We further examined expression of genes that are expressed in the dorsal vs. ventral progenitor zones of the MGE, which preferentially generates SOM + vs. PV + CINs5,7. Nr2f1, Nkx6-2, Gli2, Gli1 and Hhip are expressed in the dorsal part of the MGE; their expression was sparse among MGE neural progenitors and minimally correlated with each other, nor with any of the four identified sub-groups (Supplementary Fig. 4A). In contrast, Sulf1, Sulf2, Bcan, FoxJ1 and Etv1 are enriched in the ventral MGE; however, in our data set these genes were neither correlated with each other nor anti-correlated with the dorsally-enriched genes (Supplementary Fig. 4A). Reporter mice have demonstrated that MGE apical progenitors (APs) preferentially generate SOM+ whereas basal progenitors (BPs) are biased toward generating PV+ interneurons;45 nevertheless, the expression of Tuba1a and Tuba1c, which marks APs, and of Nes, which marks BPs, were not exclusive from each other among MGE neural progenitors (Supplementary Fig. 4A). Finally we used mature SOM+ (e.g. Reln, Npy, Sst and Pde1a) and PV+ (e.g. Sox5, Syt2, Cplx1 and Pvalb) CIN markers to identify subtypes of cells among MGE-derived neurons; however we were unable to identified subtypes of cells that may become future SOM+ or PV+ CINs46.
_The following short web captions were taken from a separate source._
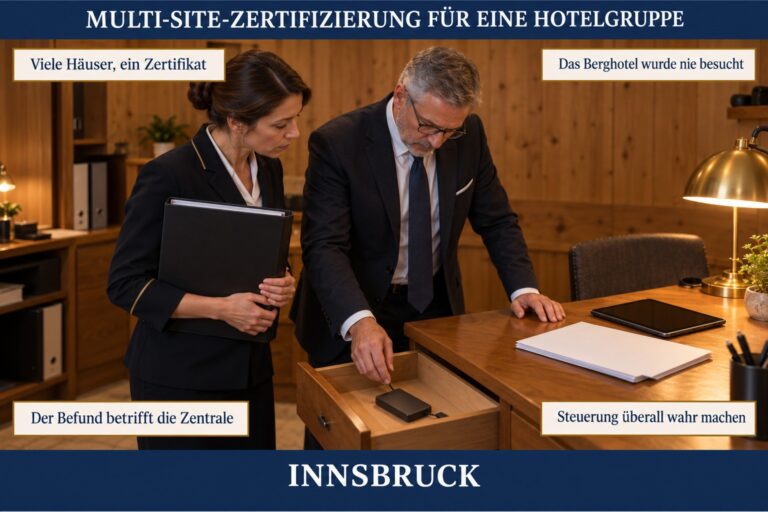 4.13 — Multi-Site-Zertifizierung für eine Hotelgruppe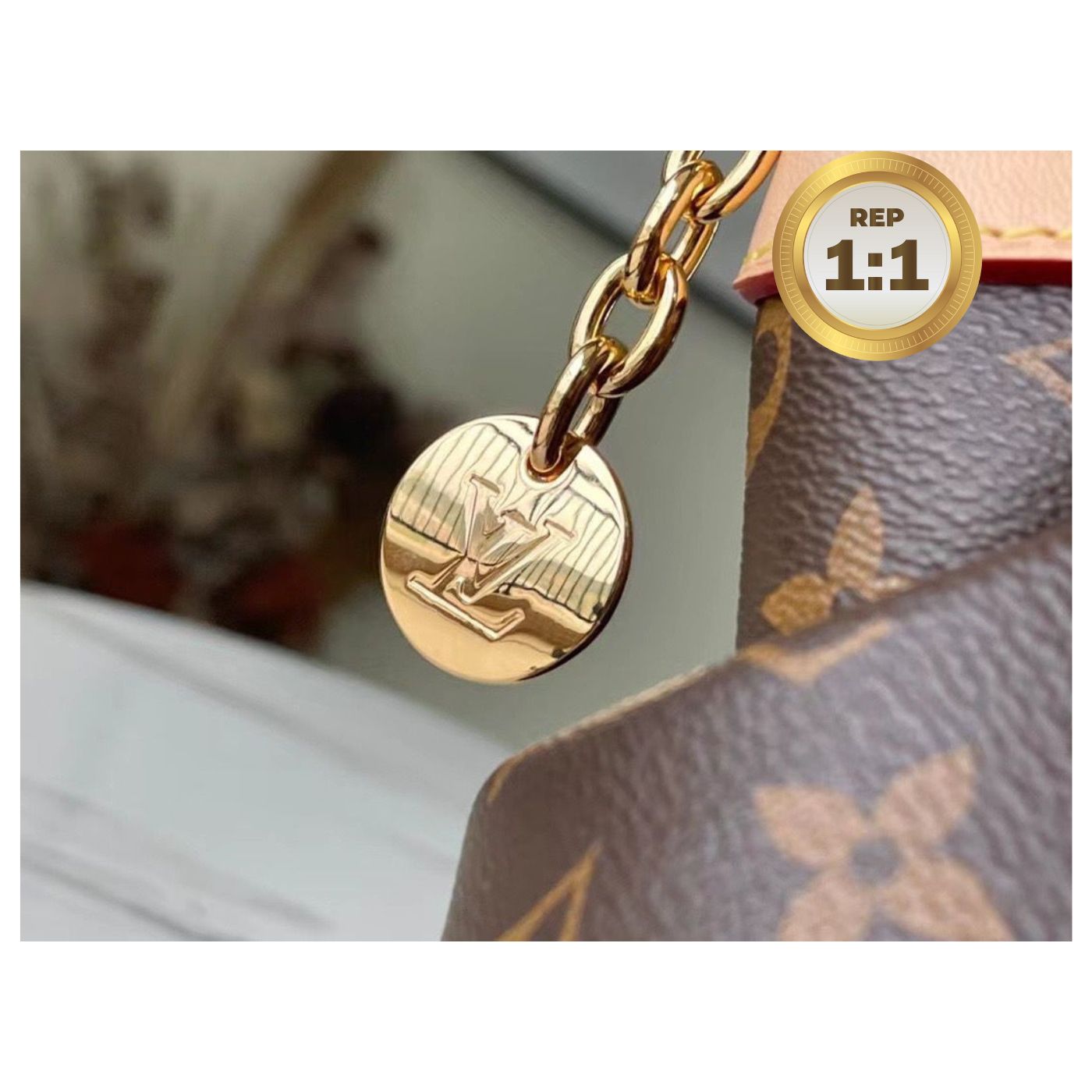 [REP 1:1] Louis Vuitton Tivoli PM Bag Monogram Canvas Brown 14.2in/36cm For Women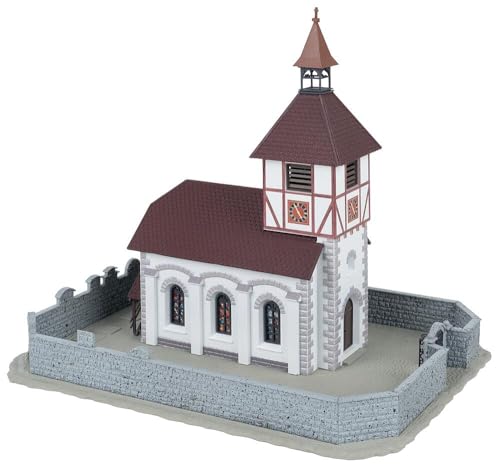 Faller 130679 - Dorfkirche mit Kirchhof - Spurweite H0 - 2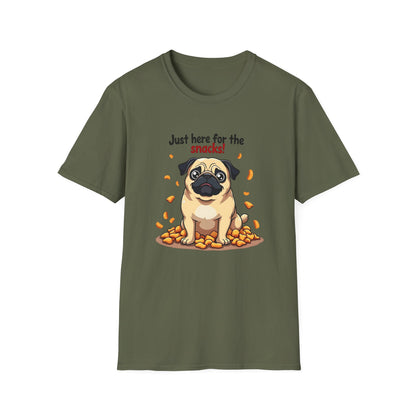 Here For The Snacks T-shirt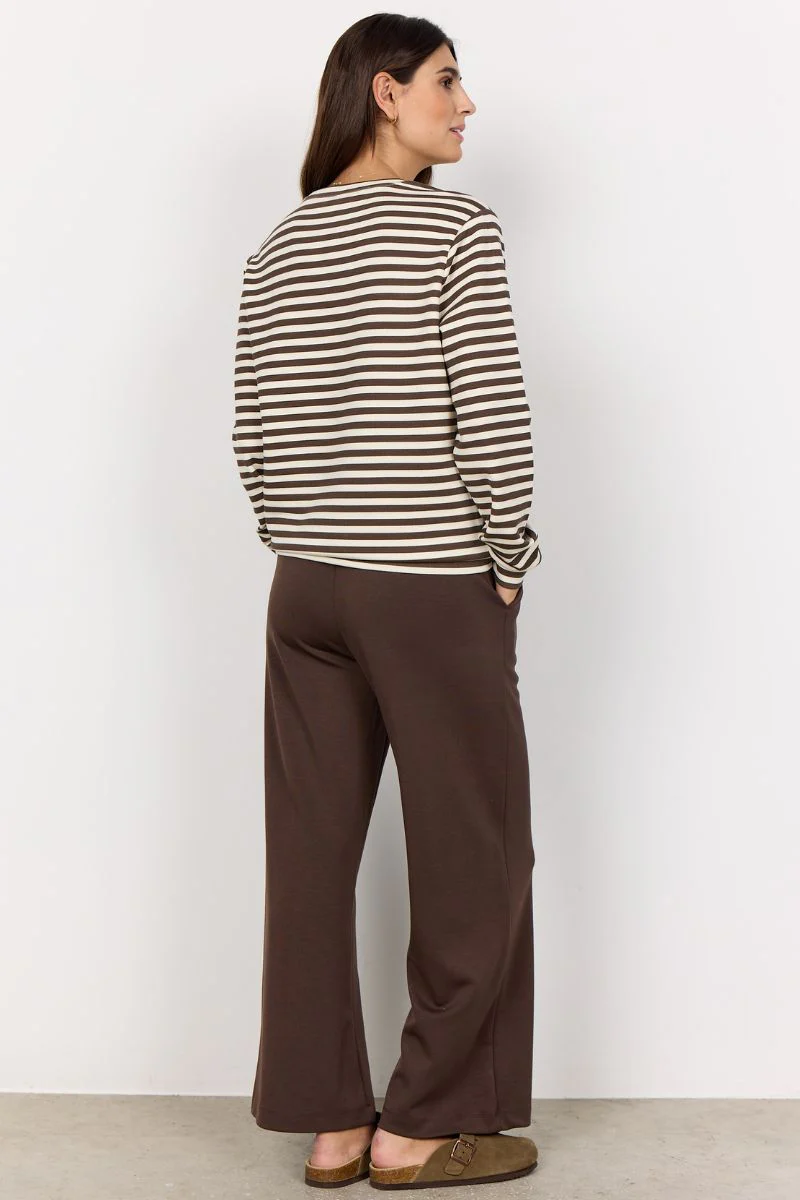 Tini Stripe Sweat | Brun | Bluse fra Statebird - Image 9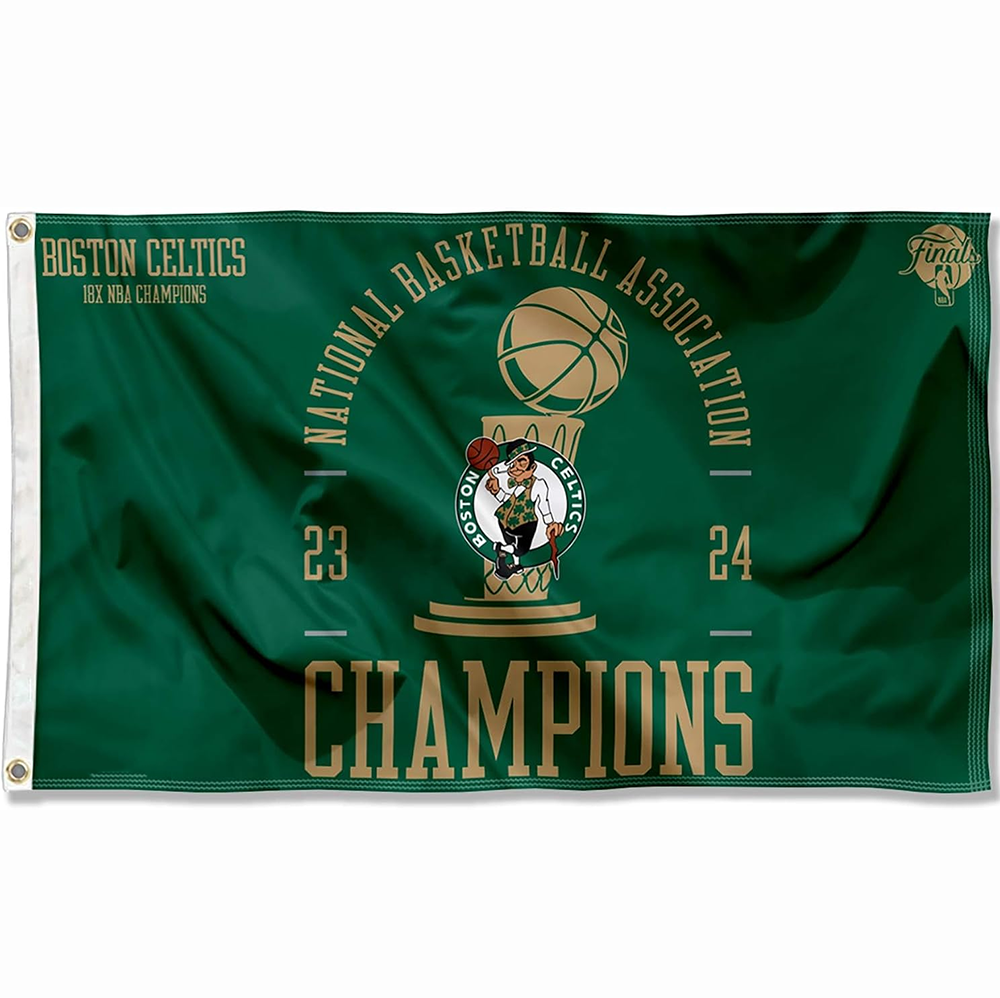 Boston Celtics Flag-NBA 3x5 FT Boston Celtics Basketball Banner-100% polyester-One sided / double sided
Identification of non-neuronal cells in the MGE

Among MGE cells that we examined, a few cells did not fit into either proliferating neural progenitors or immature neurons (Supplementary Fig. 3A). Since MGEs contain other cell types such as microglia47, we examined the expression of cell type-specific markers based on a single-cell RNA-seq analysis of juvenile mouse cortices31 (Supplementary Table 6 and Supplementary Fig. 5A). We putatively identified four astrocytes, five ependymal cells, four microglia, one endothelial cell and three vascular smooth muscle cells (Vsmc) (Supplementary Fig. 5B). To increase our confidence in the identity of these cells, we used our data to expand the set of cell type-specific markers from these cells and compared them with two published cell type transcriptomes31,48. Interestingly, we found cells expressing both astrocyte and ependymal markers, and cells expressing markers for both endothelial cells and Vsmc (Supplementary Fig. 6). Therefore, our data suggest a shared developmental origin of astrocytes and ependymal cells, and of endothelial cells and Vsmc.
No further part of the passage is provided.